XIII
I
It was just after Christmas when Signor Millo marched into Fabio’s shop one day and handed his card across the counter.
“This way, signore, this way!” exclaimed Fabio, pink to the brow with pleasure and excitement. And he took him into Teresa’s back parlor and pushed up the most propitious chair.
Signor Millo was a man of forty-five, of medium height and broad-shouldered. His brown hair curled close to his round, shapely head; there was something about him that suggested the antique—perhaps the Roman arena. But his brow was intellectual, and his mouth rather grave. His eyes, dark and set very wide apart, had a wonderfully wise and benign expression as though they neither questioned nor condemned. Seeing him thus, as he sat in the armchair with his hat held loosely between his knees, was to wonder what manner of man this was. An athlete? An author? A philosopher, perhaps? As a matter of fact he was none of these things; he was Francesco Millo, the director of the Doric, which, thanks to his skill, to his excellent judgment and elegant epicurean palate, had risen in the last few years to great fame among the restaurants of London.
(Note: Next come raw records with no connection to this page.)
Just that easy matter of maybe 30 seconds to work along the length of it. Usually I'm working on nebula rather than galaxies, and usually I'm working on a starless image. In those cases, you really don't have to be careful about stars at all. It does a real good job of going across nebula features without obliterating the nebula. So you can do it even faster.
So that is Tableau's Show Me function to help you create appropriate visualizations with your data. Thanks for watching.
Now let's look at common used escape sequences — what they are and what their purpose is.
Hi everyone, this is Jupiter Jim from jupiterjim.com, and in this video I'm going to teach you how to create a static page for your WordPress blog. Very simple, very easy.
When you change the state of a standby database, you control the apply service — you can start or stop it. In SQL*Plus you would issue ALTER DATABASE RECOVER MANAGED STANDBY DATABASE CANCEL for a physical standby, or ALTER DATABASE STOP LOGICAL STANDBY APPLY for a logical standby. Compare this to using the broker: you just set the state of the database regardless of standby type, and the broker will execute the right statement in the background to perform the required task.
That he should have come in person to the Casa Boselli was quite on a par with the rest of the man. He might have sent several intelligent people, all well up in their professional duties, but instead he had preferred to call on Fabio himself—such little excursions amused him. It is said that in each man there lurks the hunter; the hunter of money, the hunter of lions, the hunter of fame, the hunter of women; and Francesco Millo was also a hunter, as keen on the trail and as steadfast as any, indeed he was tireless, hence the fame of his restaurant, for Millo was a hunter of food.
He had said to himself at the beginning of his career: “There are three very vital things; quality, variety and originality, and the last is perhaps the most vital of the three. A dinner should have, like a book or a picture, good workmanship, plenty of light and shade, and above all that individual touch, that original central idea.”
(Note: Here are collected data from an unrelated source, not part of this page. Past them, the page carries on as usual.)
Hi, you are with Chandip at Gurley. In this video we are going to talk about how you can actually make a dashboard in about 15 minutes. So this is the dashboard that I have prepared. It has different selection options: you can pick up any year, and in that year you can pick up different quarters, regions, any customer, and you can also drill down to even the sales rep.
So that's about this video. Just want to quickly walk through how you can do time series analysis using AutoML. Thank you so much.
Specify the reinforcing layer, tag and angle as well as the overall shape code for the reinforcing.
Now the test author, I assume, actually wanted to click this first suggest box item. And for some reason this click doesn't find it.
And so, whenever the spirit moved him—which was often, for he was a restless man—Millo went forth in search of strange viands. Just now he was after some special funghi that grew in the woods not far from Turin. As luck would have it he had heard from a confrère that the Casa Boselli had but lately imported a case of those special funghi.
“Ma sicuro,” said Fabio, “we certainly keep them; they are fat, good funghi, you may see for yourself, you may smell them.” And he fetched a terrific looking toadstool for the great man’s careful inspection.
Millo sniffed it. “It is prime, as you say,” he remarked, and he promptly bought the whole case. “And now I will look at your stock, if you please; I would also like to see your price-list.”
Fabio was trembling with excitement by now—the Casa Boselli and Millo. What a happening to make Nerone more jealous! What a snub for the Signora Rocca! He pottered about showing first this, then that, his paste, his hams, his tomatoes; then those elegant, more highly-specialized foods, caviar in jars, carciofini in oil, tunnyfish, fillets of anchovies with capers, and large, green, globular snails.
“All excellent, fresh, and quite inexpensive!” he kept chanting in a kind of litany. “All excellent, fresh, and quite inexpensive—and we keep a great variety of foodstuffs.”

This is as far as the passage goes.